_What to produce_
Could you copy, exactly as written, every line from the first line of the records through the one containing "Point Vernon QLD 4655"?

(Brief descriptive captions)
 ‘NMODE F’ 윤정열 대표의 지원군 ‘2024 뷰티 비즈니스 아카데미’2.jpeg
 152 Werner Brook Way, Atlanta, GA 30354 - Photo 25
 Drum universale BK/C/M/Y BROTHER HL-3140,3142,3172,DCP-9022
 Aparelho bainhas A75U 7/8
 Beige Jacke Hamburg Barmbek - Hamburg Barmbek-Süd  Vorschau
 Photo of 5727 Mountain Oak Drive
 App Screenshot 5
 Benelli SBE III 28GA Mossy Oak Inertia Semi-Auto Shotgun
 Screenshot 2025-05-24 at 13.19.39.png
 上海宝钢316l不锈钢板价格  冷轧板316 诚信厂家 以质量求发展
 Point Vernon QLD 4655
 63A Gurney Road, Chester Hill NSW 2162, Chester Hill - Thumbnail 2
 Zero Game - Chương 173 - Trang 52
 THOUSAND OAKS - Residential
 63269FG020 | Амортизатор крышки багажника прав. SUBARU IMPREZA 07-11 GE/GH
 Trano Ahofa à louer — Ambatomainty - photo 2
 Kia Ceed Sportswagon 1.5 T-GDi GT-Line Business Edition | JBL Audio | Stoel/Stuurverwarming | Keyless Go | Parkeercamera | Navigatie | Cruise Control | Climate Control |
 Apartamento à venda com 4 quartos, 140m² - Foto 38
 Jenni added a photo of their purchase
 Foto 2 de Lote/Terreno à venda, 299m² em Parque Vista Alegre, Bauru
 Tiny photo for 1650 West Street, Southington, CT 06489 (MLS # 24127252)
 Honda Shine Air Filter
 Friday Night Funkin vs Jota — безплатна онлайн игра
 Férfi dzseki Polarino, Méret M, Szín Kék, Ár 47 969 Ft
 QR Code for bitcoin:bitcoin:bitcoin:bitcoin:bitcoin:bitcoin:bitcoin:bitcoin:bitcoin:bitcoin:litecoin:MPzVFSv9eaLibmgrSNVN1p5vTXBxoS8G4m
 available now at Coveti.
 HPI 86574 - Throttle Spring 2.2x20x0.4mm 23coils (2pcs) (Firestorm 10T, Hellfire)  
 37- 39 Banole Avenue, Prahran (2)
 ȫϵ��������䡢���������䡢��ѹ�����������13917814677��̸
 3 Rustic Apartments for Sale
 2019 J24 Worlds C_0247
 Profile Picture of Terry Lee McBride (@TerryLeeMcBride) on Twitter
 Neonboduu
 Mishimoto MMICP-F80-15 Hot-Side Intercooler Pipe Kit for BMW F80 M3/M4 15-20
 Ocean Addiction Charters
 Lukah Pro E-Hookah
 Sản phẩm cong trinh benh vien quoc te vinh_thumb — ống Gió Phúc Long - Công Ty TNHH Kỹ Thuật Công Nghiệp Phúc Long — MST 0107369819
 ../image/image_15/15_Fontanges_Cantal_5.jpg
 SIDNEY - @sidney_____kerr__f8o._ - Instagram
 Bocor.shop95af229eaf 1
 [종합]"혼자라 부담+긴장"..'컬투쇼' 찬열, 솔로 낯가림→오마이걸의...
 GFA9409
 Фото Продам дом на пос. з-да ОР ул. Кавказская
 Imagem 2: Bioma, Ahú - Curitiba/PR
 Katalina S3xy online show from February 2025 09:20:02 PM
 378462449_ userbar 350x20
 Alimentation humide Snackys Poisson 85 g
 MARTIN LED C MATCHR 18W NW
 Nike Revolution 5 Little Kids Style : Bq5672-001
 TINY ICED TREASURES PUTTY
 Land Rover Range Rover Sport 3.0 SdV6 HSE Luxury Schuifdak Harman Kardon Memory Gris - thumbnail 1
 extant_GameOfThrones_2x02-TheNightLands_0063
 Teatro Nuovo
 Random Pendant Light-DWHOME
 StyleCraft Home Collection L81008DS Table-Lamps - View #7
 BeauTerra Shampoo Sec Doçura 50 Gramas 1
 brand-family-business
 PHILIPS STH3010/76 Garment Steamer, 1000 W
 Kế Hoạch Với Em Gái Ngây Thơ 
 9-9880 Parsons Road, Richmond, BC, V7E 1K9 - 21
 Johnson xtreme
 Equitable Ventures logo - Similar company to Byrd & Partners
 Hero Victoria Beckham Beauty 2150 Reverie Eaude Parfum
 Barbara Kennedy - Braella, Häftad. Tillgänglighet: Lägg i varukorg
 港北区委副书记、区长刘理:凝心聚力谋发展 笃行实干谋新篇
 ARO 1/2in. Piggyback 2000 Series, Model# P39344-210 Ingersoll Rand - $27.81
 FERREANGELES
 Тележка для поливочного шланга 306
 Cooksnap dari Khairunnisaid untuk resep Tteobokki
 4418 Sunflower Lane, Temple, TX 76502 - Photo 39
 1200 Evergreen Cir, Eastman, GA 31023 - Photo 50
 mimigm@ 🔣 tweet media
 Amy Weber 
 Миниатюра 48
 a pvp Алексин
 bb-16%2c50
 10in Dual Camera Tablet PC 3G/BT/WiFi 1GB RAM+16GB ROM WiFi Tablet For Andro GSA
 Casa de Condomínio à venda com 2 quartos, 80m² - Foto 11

_Answer for this exercise_
 ‘NMODE F’ 윤정열 대표의 지원군 ‘2024 뷰티 비즈니스 아카데미’2.jpeg
 152 Werner Brook Way, Atlanta, GA 30354 - Photo 25
 Drum universale BK/C/M/Y BROTHER HL-3140,3142,3172,DCP-9022
 Aparelho bainhas A75U 7/8
 Beige Jacke Hamburg Barmbek - Hamburg Barmbek-Süd  Vorschau
 Photo of 5727 Mountain Oak Drive
 App Screenshot 5
 Benelli SBE III 28GA Mossy Oak Inertia Semi-Auto Shotgun
 Screenshot 2025-05-24 at 13.19.39.png
 上海宝钢316l不锈钢板价格  冷轧板316 诚信厂家 以质量求发展
 Point Vernon QLD 4655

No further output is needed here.